Action item: Look through the entries below and copy exactly the part that begins with the line containing "External Fixator" and ends with the line containing "BREAST AUGMENTATION WITH". Do not copy the pictures.

Input records:
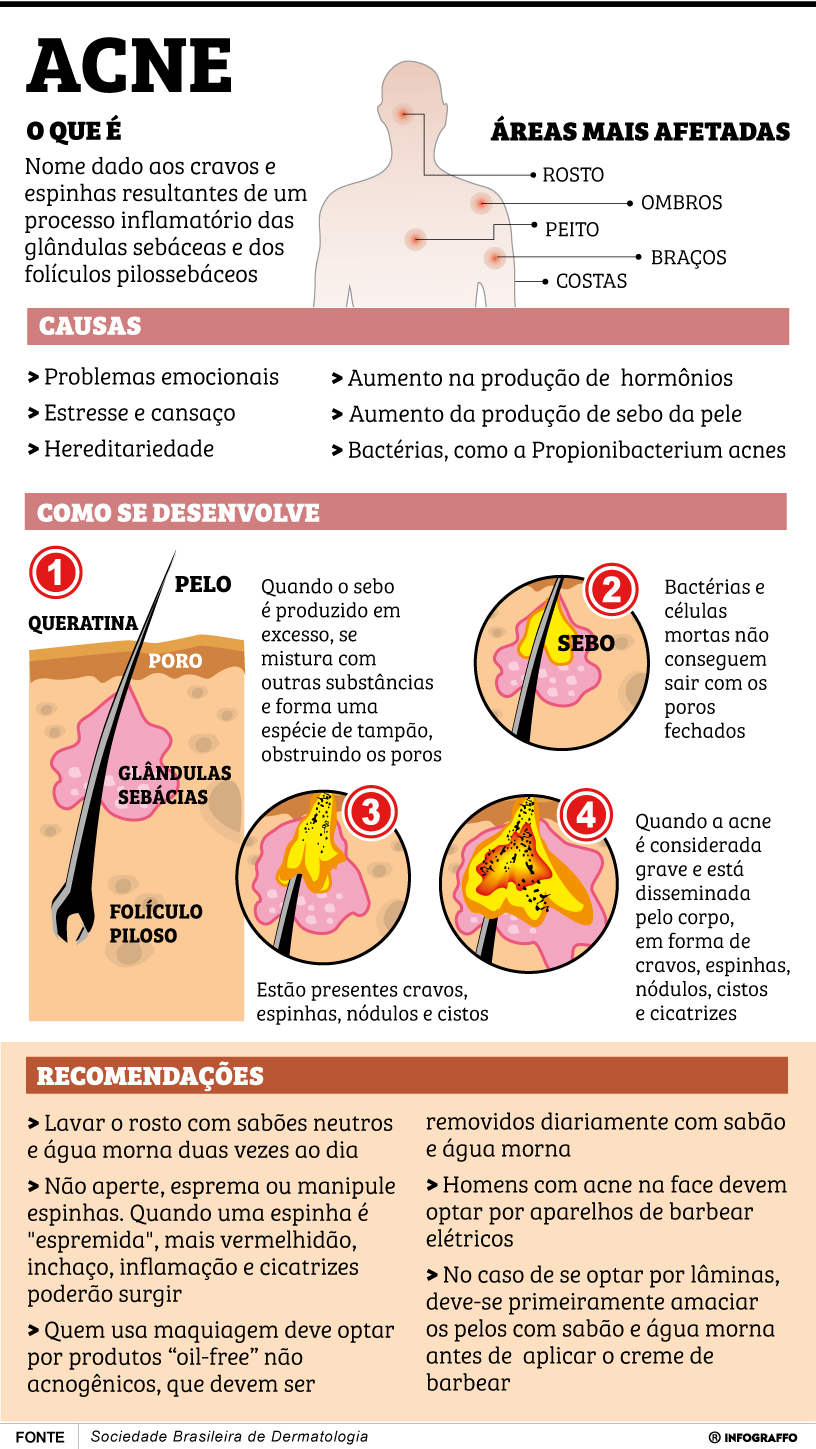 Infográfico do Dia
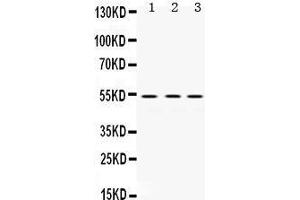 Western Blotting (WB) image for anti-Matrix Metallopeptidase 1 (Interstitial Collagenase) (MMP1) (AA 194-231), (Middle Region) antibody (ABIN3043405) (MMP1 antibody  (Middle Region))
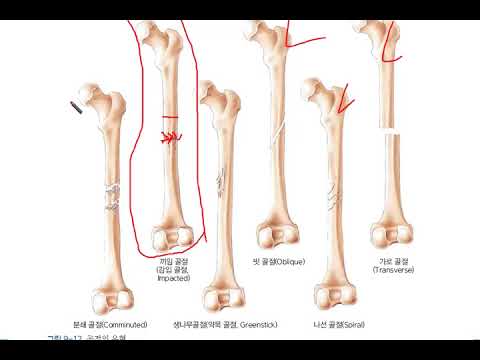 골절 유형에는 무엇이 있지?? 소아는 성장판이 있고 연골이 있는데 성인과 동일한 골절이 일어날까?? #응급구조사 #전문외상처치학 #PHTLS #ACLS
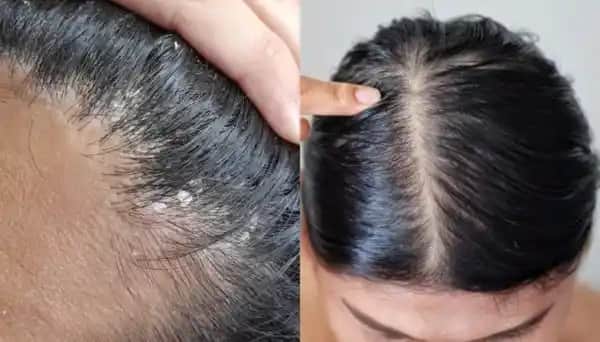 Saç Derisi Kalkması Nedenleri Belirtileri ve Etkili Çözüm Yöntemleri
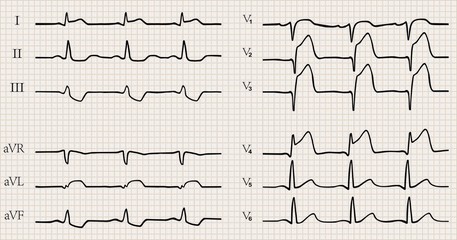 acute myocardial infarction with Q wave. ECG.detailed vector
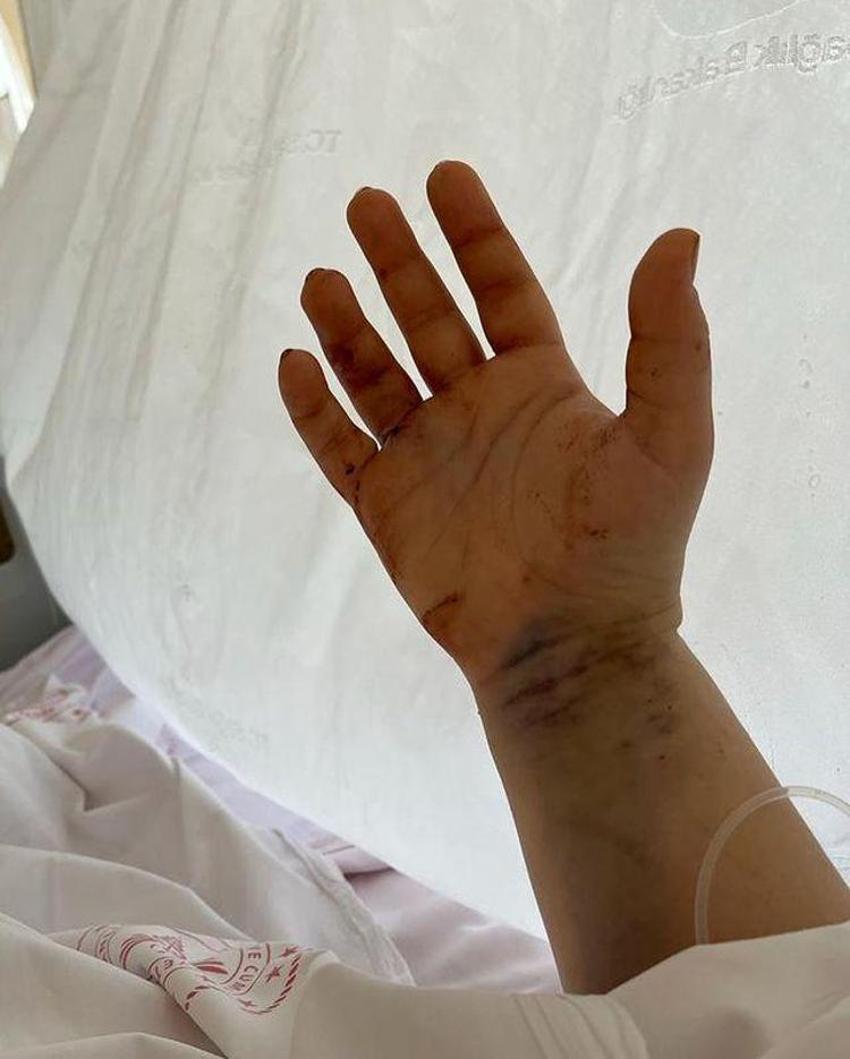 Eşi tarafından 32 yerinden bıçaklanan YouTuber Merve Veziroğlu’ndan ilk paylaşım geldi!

* * *

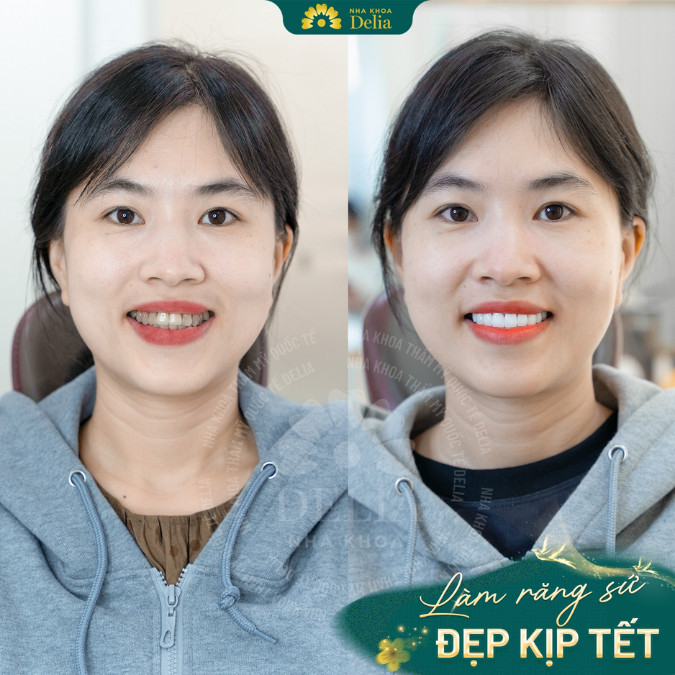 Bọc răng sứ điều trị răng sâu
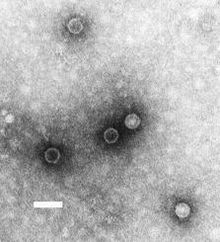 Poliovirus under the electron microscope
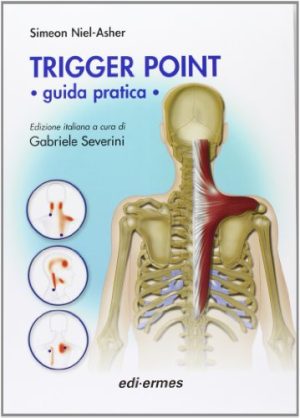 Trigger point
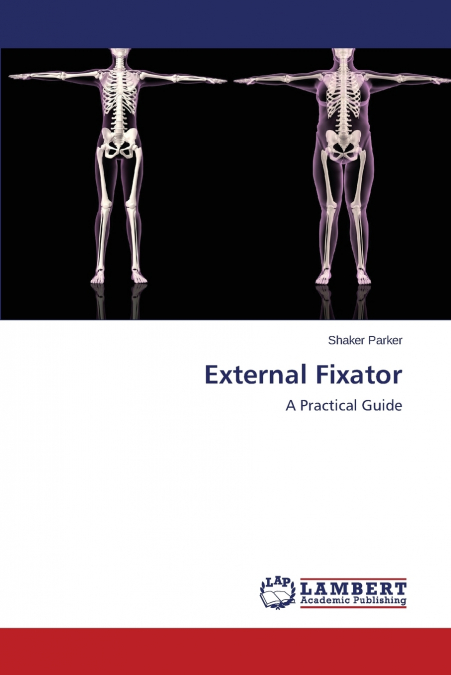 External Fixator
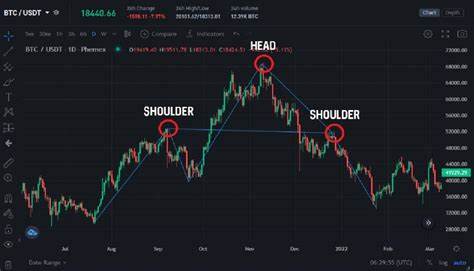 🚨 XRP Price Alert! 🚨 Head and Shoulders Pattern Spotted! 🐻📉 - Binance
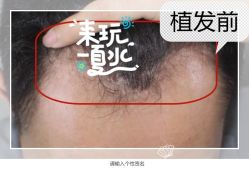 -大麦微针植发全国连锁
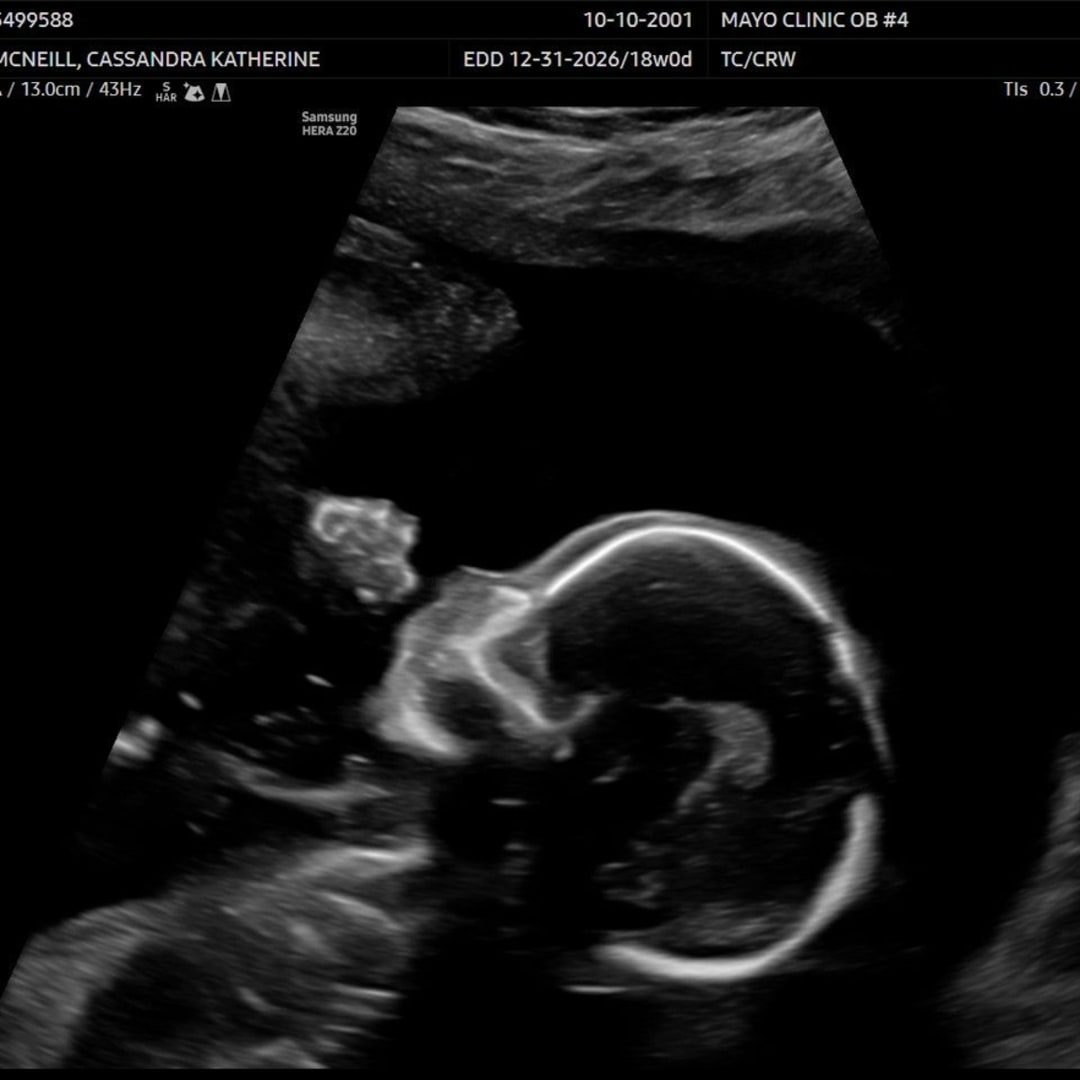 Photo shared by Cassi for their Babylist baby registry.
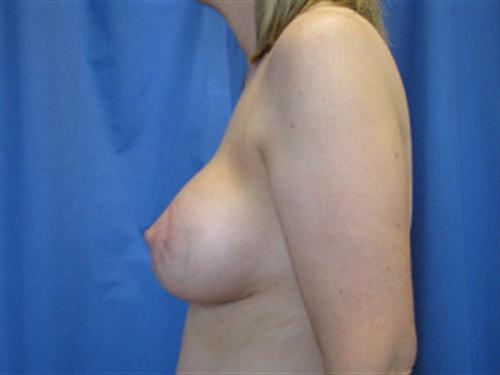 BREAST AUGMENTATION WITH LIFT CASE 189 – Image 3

---

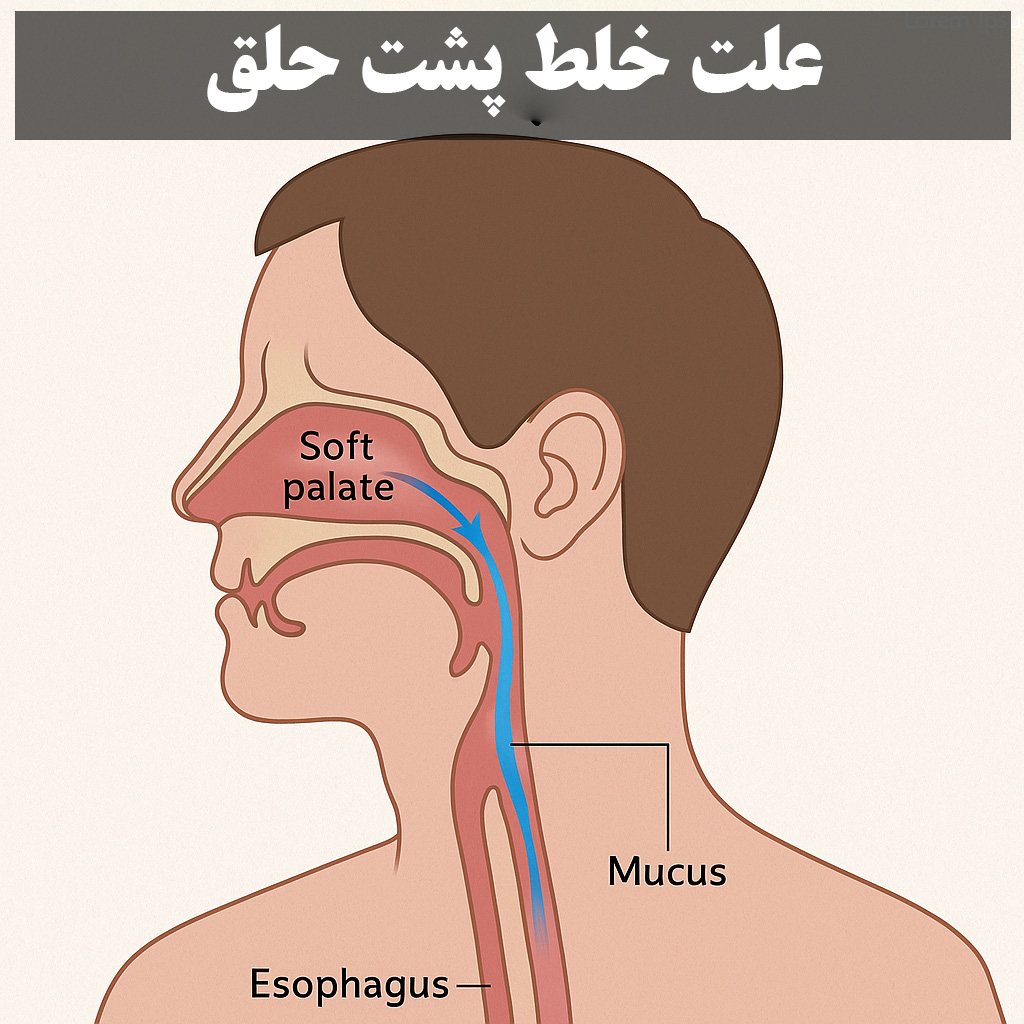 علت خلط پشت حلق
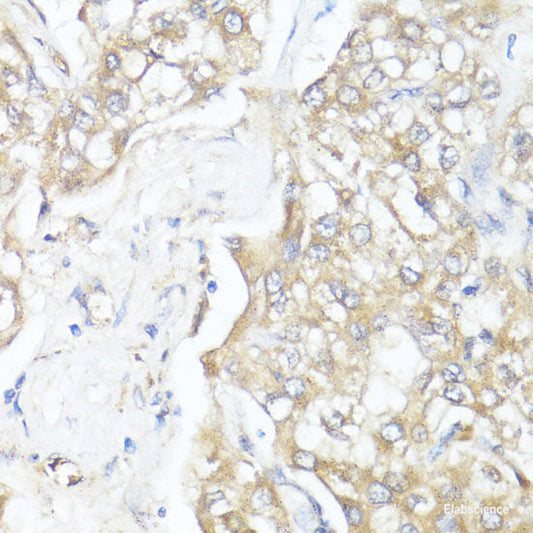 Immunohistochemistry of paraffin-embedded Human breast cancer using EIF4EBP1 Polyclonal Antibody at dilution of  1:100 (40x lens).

Result of this task:
 External Fixator
 🚨 XRP Price Alert! 🚨 Head and Shoulders Pattern Spotted! 🐻📉 - Binance
 -大麦微针植发全国连锁
 Photo shared by Cassi for their Babylist baby registry.
 BREAST AUGMENTATION WITH LIFT CASE 189 – Image 3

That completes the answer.